Puppeteer allows a higher level to control the headless Chrome, it has better and easier to understand API. By installing Puppeteer package you also download separate Chrome instance(~71Mb Mac, ~90Mb Linux, ~110Mb Win. To skip the download, see environment variables). In last blog post we did assume that the Chrome instance has been already launched before executing the script, Puppeteer handles the launching and downloading part for you. Here is a small example to launch the browser instance:

const puppeteer = require("puppeteer");

(async () => {
  const browser = await puppeteer.launch();
  await browser.close();
})();

The provided API is really simple it is suitable for some higher level UI integration test, automation, browser-side rendering etc. Let’s rewrite the previous blog post Reddit scraper with Puppeteer.

const puppeteer = require("puppeteer");

const url = "https://reddit.com/r/programming";
const linkSelector = ".content a.title";

(async () => {
    // Launch chrome process
    const browser = await puppeteer.launch();
    const page = await browser.newPage();

    await page.goto(url, { waitUntil: "load" });

    // This runs the `document.querySelectorAll` within the page and passes
    // the result to function
    const links = await page.$$eval(linkSelector, links => {
        return links.map((link) => link.href);
    });

    // Make sure we get the unique set of links only
    const uniqueLinks = new Set([...links]);
    console.log(uniqueLinks);

    // Kill the browser process
    await browser.close();
})();

Your next question might be how to run Puppeteer in the AWS Lambda and in Heroku?

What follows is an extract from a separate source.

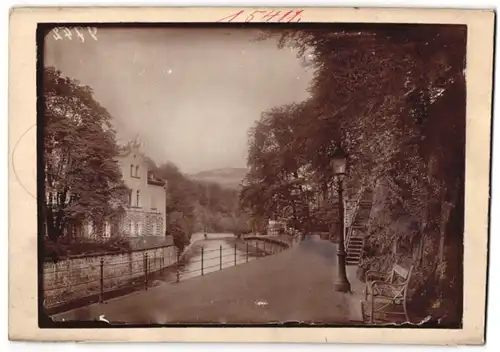 Fotografie Brück & Sohn Meissen, Ansicht Karlsbad, Promenade & Treppenaufgang an der Tepl
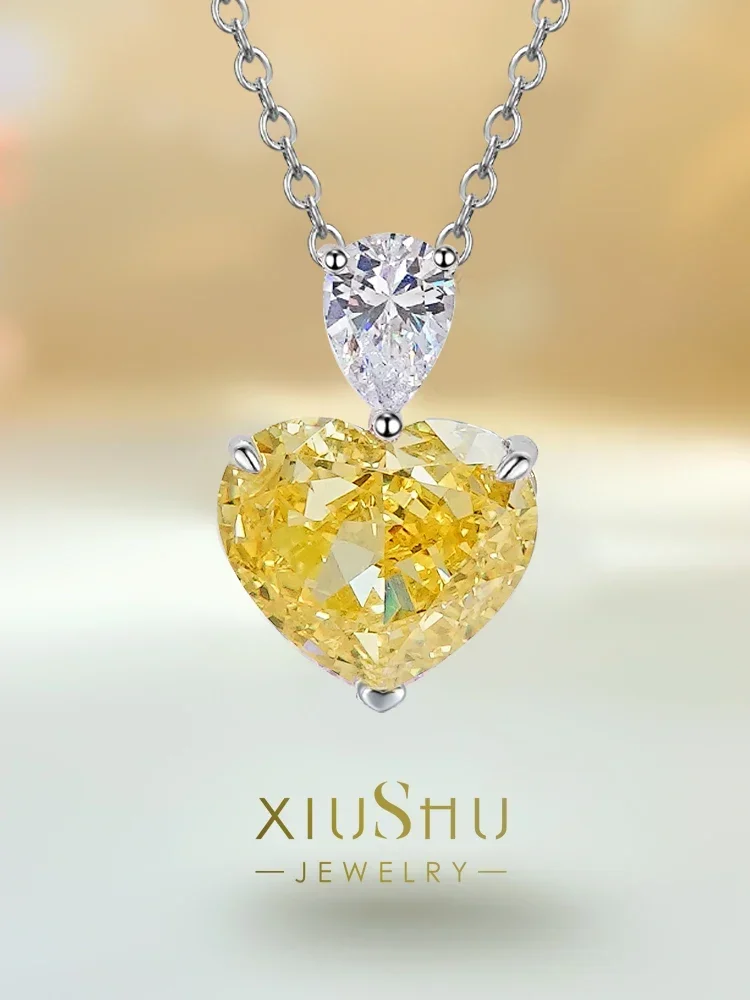 

Light Luxury Daily Versatile Colorful Diamond 925 Silver Pendant Paired with High Carbon Diamond Engagement Jewelry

Using Puppeteer with AWS Lambda might be tricky because Chrome must be packaged with the dependencies. AWS Lambda has set the limit on the zip file to 50MB and unpackaged content should remain in a 250MB limit. The default Puppeteer Chrome Linux version would not fit into this limit which means you have to use a custom build. Some active community members have already created starter kit for AWS Lambda. Besides, that be aware that AWS Lambda uses Node.js v6.1.0 version and there is no support for the await/async feature. Before deploy make sure you’re using correct Node engine version or transpile the code to v6.10.

For Heroku, you have to add additional build back which installs the missing dependencies.

Puppeteer is an amazing initiative by Google developers hopefully, this project stays up to date and gets also the additional development from the community side.